Data below:
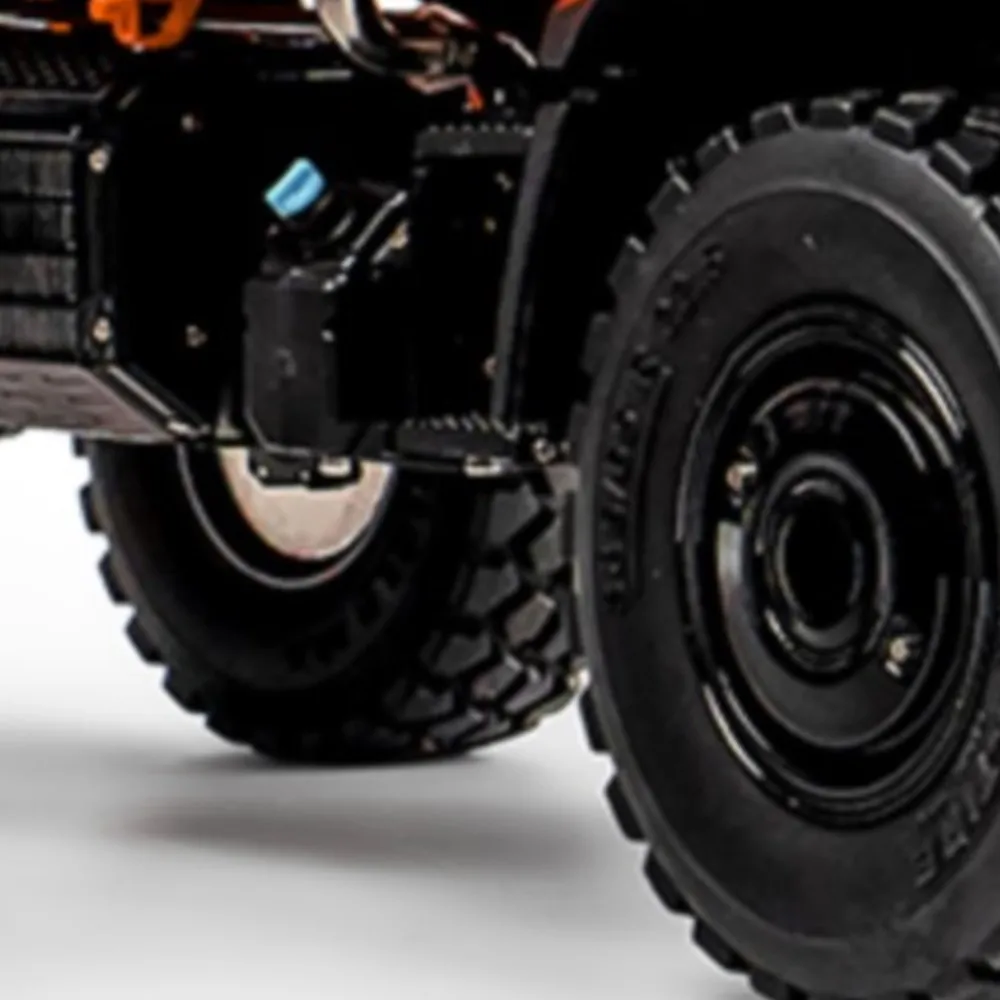 1/14 LESU Remote Control Truck U4023 MT44023 RC Off-road Crawler Cars Operable Cabin Doors Vehicles Four Wheel Drive Metal Shell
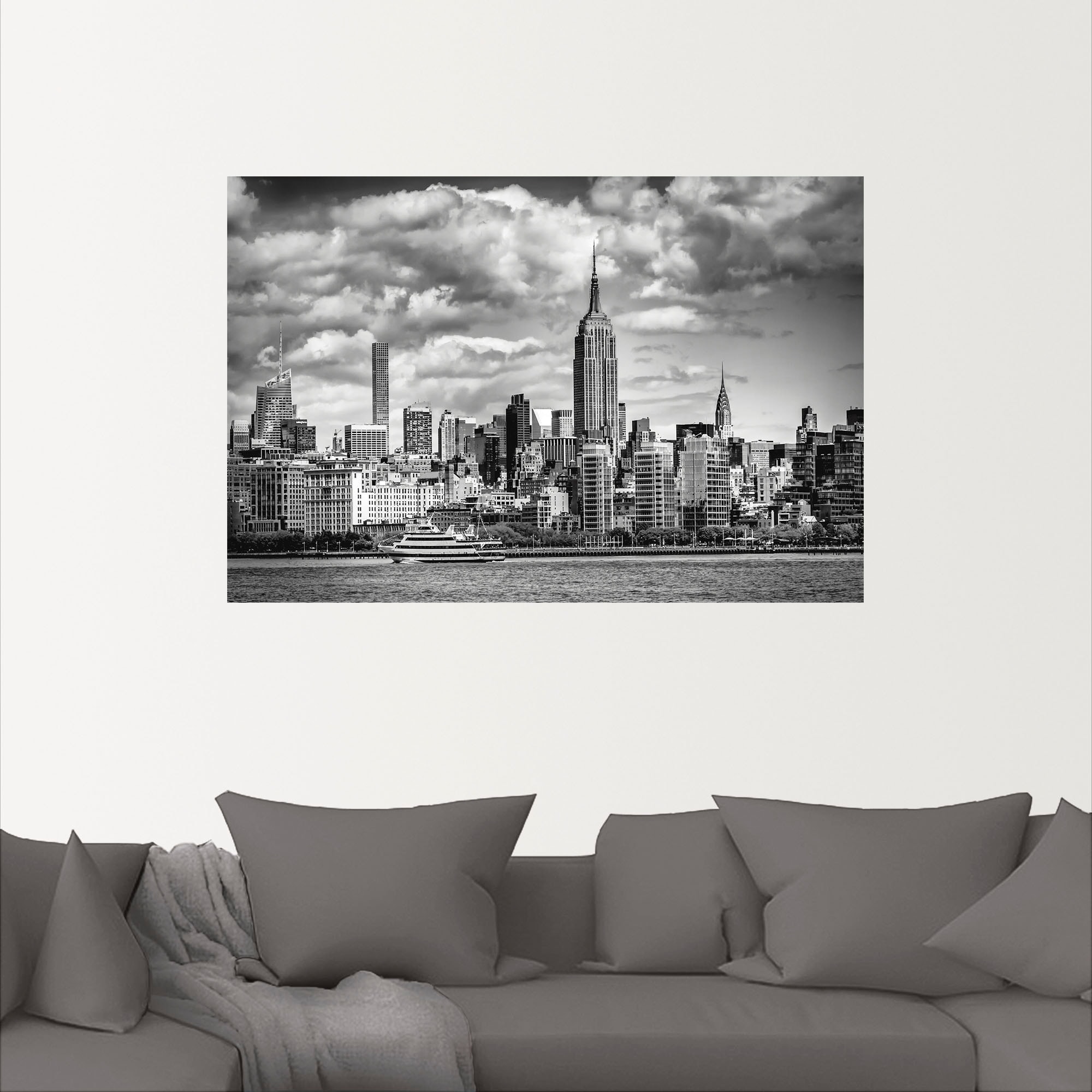 Artland Wandfolie »Midtown Manhattan«, New York, (1 St.), selbstklebend günstig online kaufen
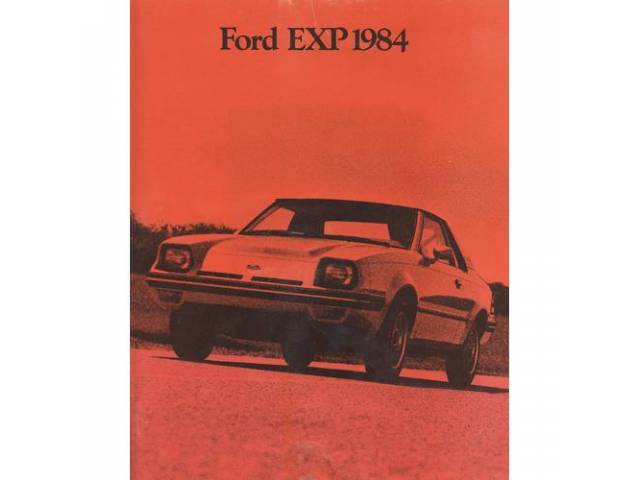 1984 FORD EXP SALES BROCHURE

What is needed:
Transcribe the lines that run from the line bearing "günstig online kaufen" through the last line of the data. Keep the wording exact and leave out every picture.

Task output:
 Artland Wandfolie »Midtown Manhattan«, New York, (1 St.), selbstklebend günstig online kaufen
 1984 FORD EXP SALES BROCHURE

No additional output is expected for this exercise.